12 Things You Should Know About Maya Angelou

AARP Magazine's 2011 Inspire Awards

This morning the world learned of the passing of Dr. Maya Angelou, a writer, activist and all-around Renaissance woman. After growing up in the racially segregated South and suffering abuse in her childhood, Angelou proved how far a person could rise in life. Here are 12 inspiring facts about her life that led her to change the world.

+ Dr. Angelou had many careers. In the 1950s she toured Europe with an opera production, made her album “Calypso Lady” and became part of the Harlem Writers Guild.

+ Watch Maya Angelous Perform As “Miss Calypso”

+ During part of the 60s, she lived in Africa, teaching at the University of Ghana’s School of Music and Drama. She was also an editor for The Arab Observer and The African Review.

+ In the mid-60s she returned to America and worked with Dr. Martin Luther King as the northern coordinator for the Southern Christian Leadership Conference. He personally picked her for the job.

+ In 1970, she published her memoir “I Know Why the Caged Bird Sings.” It describes her being sexual assaulted while a child, the racism she grew up around, and how reading saved her. The critically acclaimed bestseller launched her as a major writer.

+ After writing “I Know Why the Caged Bird Sings,” Dr. Angelou penned dozens of bestsellers, including books of fiction, nonfiction and poetry.

+ Dr. Angelou broke the barrier for African-American women writing screenplays and was nominated for the Pulitzer Prize. She wrote the script for the 1972 movie “Georgia, Georgia,” — the first movie ever written by an African-American woman.

Maya Angelou delivers poem on Bill Clinton's Inauguration Day January 20, 1993 in Washington, DC

Maya Angelou Speaking at President Bill Clinton’s Inauguration

+ Former President Bill Clinton was so impressed by Dr. Angelou that he asked her to write and read an original poem at his presidential inauguration. Her poem, “On the Pulse of Morning,” included the lines: “History, despite its wrenching pain/ Cannot be unlived, but if faced/ With courage, need not be lived again.”

+ Her love of the movies continued, and in the mid ’90s she directed the movie “Down in the Delta.”

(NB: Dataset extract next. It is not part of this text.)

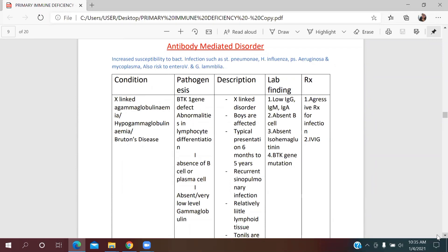Children with antibody-mediated disorders have increased susceptibility to bacterial infections such as Streptococcus pneumoniae, Haemophilus influenzae, Pseudomonas aeruginosa, and Mycoplasma. They are also prone to infection with enterovirus and Giardia lamblia.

+ She’s been given more than 50 honorary degrees from universities, including Tufts University, Howard University and the University of Southern California.

+ As a continuation of her early interest in politics and activism, Dr. Angelou worked on two presidential committees, for President Ford and President Carter.

+  President Barack Obama gave her the Medal of Freedom, which is the highest award a civilian in this country can earn.

+  As someone who rose out of abuse, prejudice and poverty to become a world-renowned voice, Dr. Angelou inspired millions to work hard and go after their passions. “I created myself. I have taught myself so much,” she said.